The company’s core products fall within the Virtual Router (vRouter) (networking) and Virtual Network Function (VNF) (network virtualization) categories. These software routers typically support standard IP routing protocols such as Border Gateway Protocol (BGP), Open Shortest Path First (OSPF), and static routing, as well as Ethernet-based features like VLANs. On the security side, 6WIND offerings include VPN and IPsec features, often used for secure site-to-site connectivity, secure transport across untrusted networks, or integration with multi-cloud and hybrid cloud topologies. Firewall functionality and traffic filtering are positioned alongside routing, enabling consolidated routing and security functions in a single software instance.
6WIND solutions are designed to be deployed on generic servers and integrated with widely used hypervisors and cloud infrastructures, supporting virtualization frameworks common in data centers and telecom environments. This deployment model allows service providers and enterprises to align routing and security capacity with virtualized compute resources, which can be scaled out by adding more instances or scaled up with additional Central Processing Unit (CPU) cores. The architecture typically emphasizes a separation between the control plane and a high-performance data plane, using Data Plane Development Kit (DPDK) or similar technologies to accelerate packet processing on standard CPUs where supported, while still relying on standard Linux-based environments.

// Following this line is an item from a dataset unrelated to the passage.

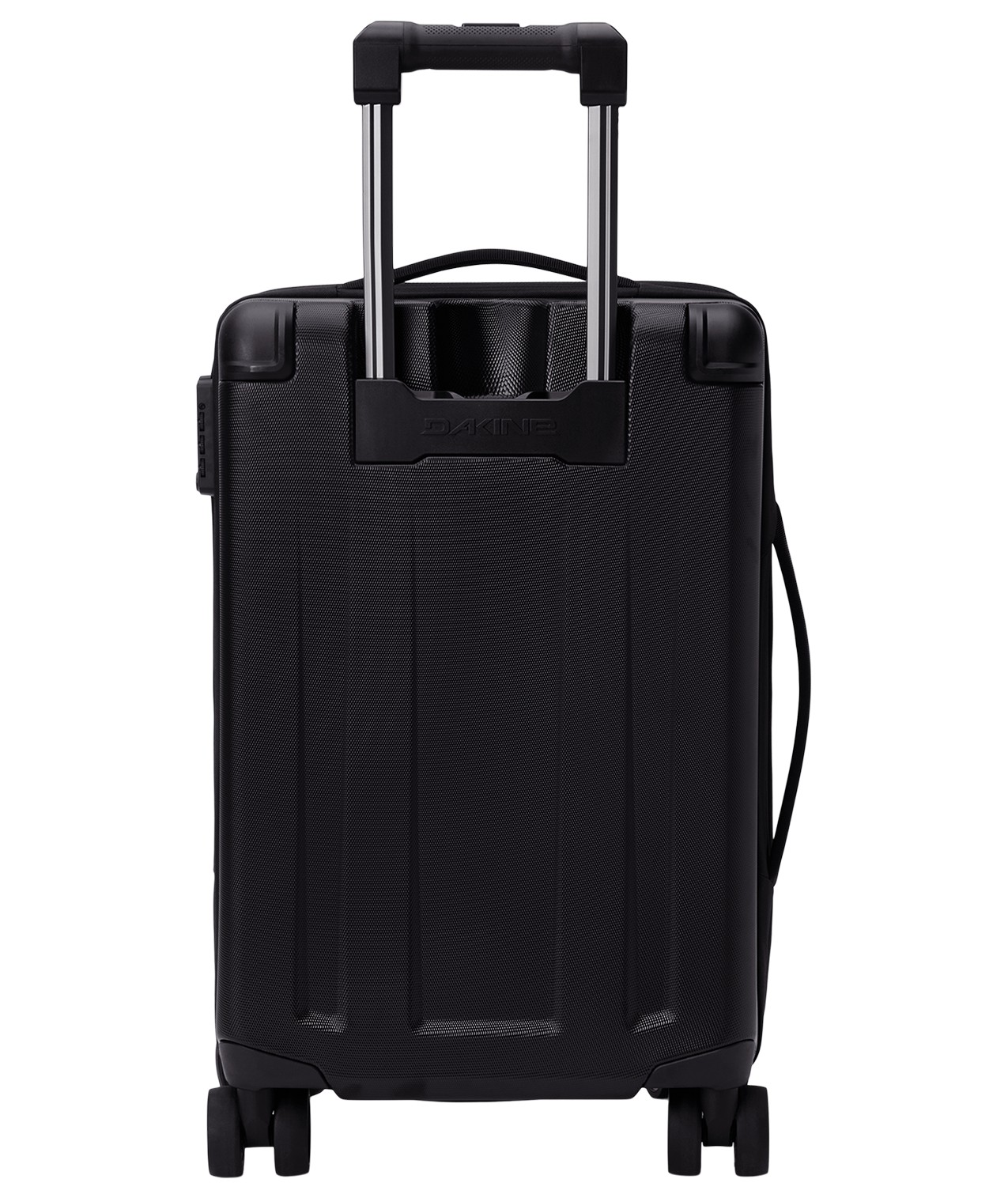Dakine D10004123/BK Koffer Split 4 Wheel Carry On Roller Bag 48L - Schwarz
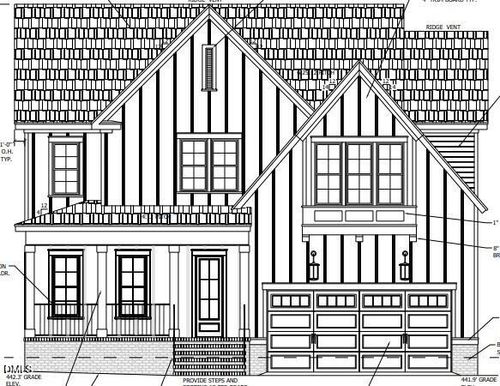 916 Marilyn Dr, Raleigh, NC, 27607-3407 | Card Image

Within enterprise and institutional environments, 6WIND software is positioned for edge routing, aggregation routing, and cloud gateway roles, where high throughput and secure IP connectivity are required but organizations prefer software-based or cloud-deployed network functions over dedicated hardware appliances. Telecom and service provider customers can use 6WIND virtual routers as part of NFV infrastructures, for example as virtual Customer Premises Equipment (CPE) (vCPE), virtual provider edge (vPE), or as components in 5G or broadband access architectures that rely on virtualized network functions.
From a marketplace taxonomy perspective, 6WIND fits into several categories: virtual routing platforms (networking), software-based firewalls and VPN gateways (network security), and NFV/CNF infrastructure components (network virtualization). Its focus on IP routing, Internet Protocol Security VPN (IPSec VPN), and high-throughput packet processing positions its products as options where organizations need carrier-grade routing and security capabilities delivered purely in software, integrated with existing virtualization and cloud ecosystems rather than through proprietary hardware routers.